Sam Landsberger, Herald Sun

Fears that the Queensland-based finals series – and Grand Final at the Gabba – will deliver damp and dull matches due to the state’s dewy evenings are growing.
West Coast coach Adam Simpson put it bluntly after his club’s seventh game under lights in the Sunshine State this season.
“You’re not going to see pretty footy – it doesn’t matter who you are,” he said.
“The game is different (at night in Queensland).”
Six of the eight finalists are likely to play their home finals in Queensland and eight of the nine finals are likely to be played under lights with yellow Sherrins, which Max Gawn said are harder to mark.
The AFL has encouraged coaches to orchestrate slick, fast and free-flowing games in recent seasons to deliver sexy spectacles.
The Eagles wheel out eskies at every training session and dunk balls in soapy water to try and help their players acclimatize.
Similarly, Australia’s ODI team trained under lights using wet cricket balls in Mumbai this year.
For Simpson the results have been limited.
“We should know – we’ve probably had eight games at night here,” he said.
“You’d think we’d get better, so we’ve got some work to do.
“We started the game (against North Melbourne) thinking we’d have a go at using the whole ground and trying to play our way, but learnt real quick.

“We thought we overused the ball a little bit. But that’s just the way night games here are going to be.
“People say, ‘Well, if you haven’t learnt by now’ – but sometimes it’s dry at night.”
Bizarrely, that is the case.
“It actually felt like it had rained,” Kangas coach Rhyce Shaw said.
“But we actually played out here a couple of weeks ago and it was dry. So, who knows?”
Thursday was a glorious day on the Gold Coast – mid 20s and barely a cloud in the sky.
But by the final quarter Metricon Stadium was soaked.

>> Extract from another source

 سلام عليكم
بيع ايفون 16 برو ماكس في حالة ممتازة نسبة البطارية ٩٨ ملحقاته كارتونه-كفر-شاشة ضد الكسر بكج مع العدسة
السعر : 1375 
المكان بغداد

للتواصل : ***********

Is it due to the breeze? The position of the moon? Whatever it is the Eagles stand to lose the most because of their kick-and-catch and controlled gamestyle.
Richmond invites chaos whereas West Coast wants aerial control from the likes of bookends Jeremy McGovern and Josh Kennedy, and that becomes harder to execute in the wet.

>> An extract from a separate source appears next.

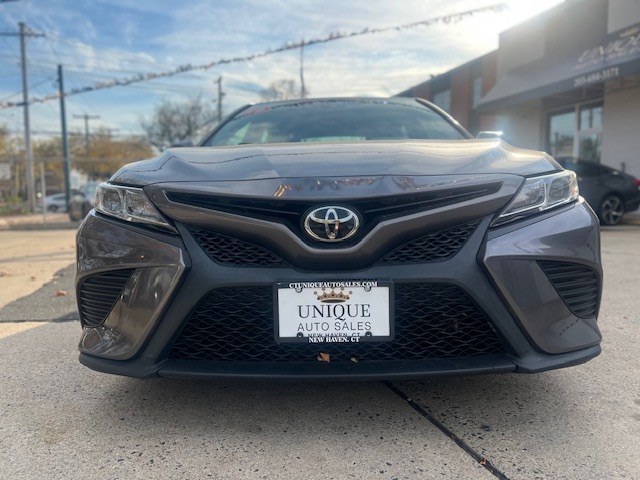 2019 Toyota Camry SE Auto (Natl) photo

“Everyone who wants to try and control the ball in wet conditions it just takes half a second longer to adapt and to take the ball clean,” Simpson said.

“But you can still do it – it depends how much pressure the team puts on as well.
“We’re not dismissing the way we play, we just need to adjust a couple of things as we go.”
Richmond coach Damien Hardwick was mocked when he lashed out at the MCG’s “dew formula” after the 5.6 (36) apiece draw against Collingwood in Round 2, and yet four months on the topic hasn’t washed away.
AFL football operations boss Steve Hocking was unfazed by Brisbane rolling Collingwood 42-34 this month, despite kicking one goal in three quarters.
The Friday night clash at the Gabba was loaded with dropped marks because the Sherrins quickly became soaked.
But Hocking dismissed concerns by pointing to the TV ratings – it was the highest-rating match in Brisbane for the year, and the Lions’ largest home-and-away audience since 2011.
AFL boss Gillon McLachlan asked his resident Queensland experts about the dew before locking in the Gabba to host the Grand Final, which will start 40 minutes earlier than the Eagles-North game.
McLachlan was pragmatically hopeful the dew would dry up long before October 24.
“I’ve rung a couple of people and they reckon it’ll be fine,” he said.
“You can’t plan everything … and if there’s dew there’ll be some dew.”